A Quimabaca

Quimabaca, 3 de Março de 1973

 

 

Devem ter ficado surpreendidos com o final da carta anterior. Nem uma palavra de despedida para os «velhotes»?! Serão necessárias as fórmulas habituais de despedida, no final das cartas? Não terá sido bem mais importante terem acompanhado, através da magia das palavras escritas, as minhas vivências de ontem?

Porquê uma interrupção brusca, quando ainda havia tanto para dizer? Será que me esqueci das perguntas da mãe? Ter-se-á secado momentaneamente o caudal das ideias?

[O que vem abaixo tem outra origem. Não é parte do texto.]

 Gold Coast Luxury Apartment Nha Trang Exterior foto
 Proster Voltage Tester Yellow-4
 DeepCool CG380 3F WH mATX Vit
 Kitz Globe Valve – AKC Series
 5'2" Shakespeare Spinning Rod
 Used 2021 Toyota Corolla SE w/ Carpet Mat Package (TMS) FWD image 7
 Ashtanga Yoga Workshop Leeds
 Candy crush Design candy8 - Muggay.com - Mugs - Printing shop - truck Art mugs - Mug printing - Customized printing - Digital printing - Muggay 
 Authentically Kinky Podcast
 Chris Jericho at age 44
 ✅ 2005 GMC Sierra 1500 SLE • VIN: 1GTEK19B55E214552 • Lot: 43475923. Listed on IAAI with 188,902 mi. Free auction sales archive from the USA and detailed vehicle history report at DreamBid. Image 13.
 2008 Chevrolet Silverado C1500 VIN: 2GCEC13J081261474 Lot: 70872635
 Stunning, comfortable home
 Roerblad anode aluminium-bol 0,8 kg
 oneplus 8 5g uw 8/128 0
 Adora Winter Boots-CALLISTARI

Nada disto! Esgotou-se-me o tempo de pausa para estar convosco. As obrigações não podem ficar esquecidas. O meu pessoal queria que eu visse o excelente trabalho desenvolvido no resto da tarde. Precisam não só da orientação dos superiores, mas, sobretudo, dos nossos elogios perante o trabalho feito, que são os melhores estímulos para que a vontade de trabalhar não esmoreça. E fizeram, sem dúvida, um excelente trabalho!

Quando fui obrigado a interromper a escrita, estava o pessoal a chegar com a água e a lenha para a cozinha. Mesmo que quisesse continuar agarrado à caneta, era impossível. O ruído das viaturas, as conversas do pessoal e a algaraviada incompreensível mas excitada dos miúdos não me deixavam concentrar.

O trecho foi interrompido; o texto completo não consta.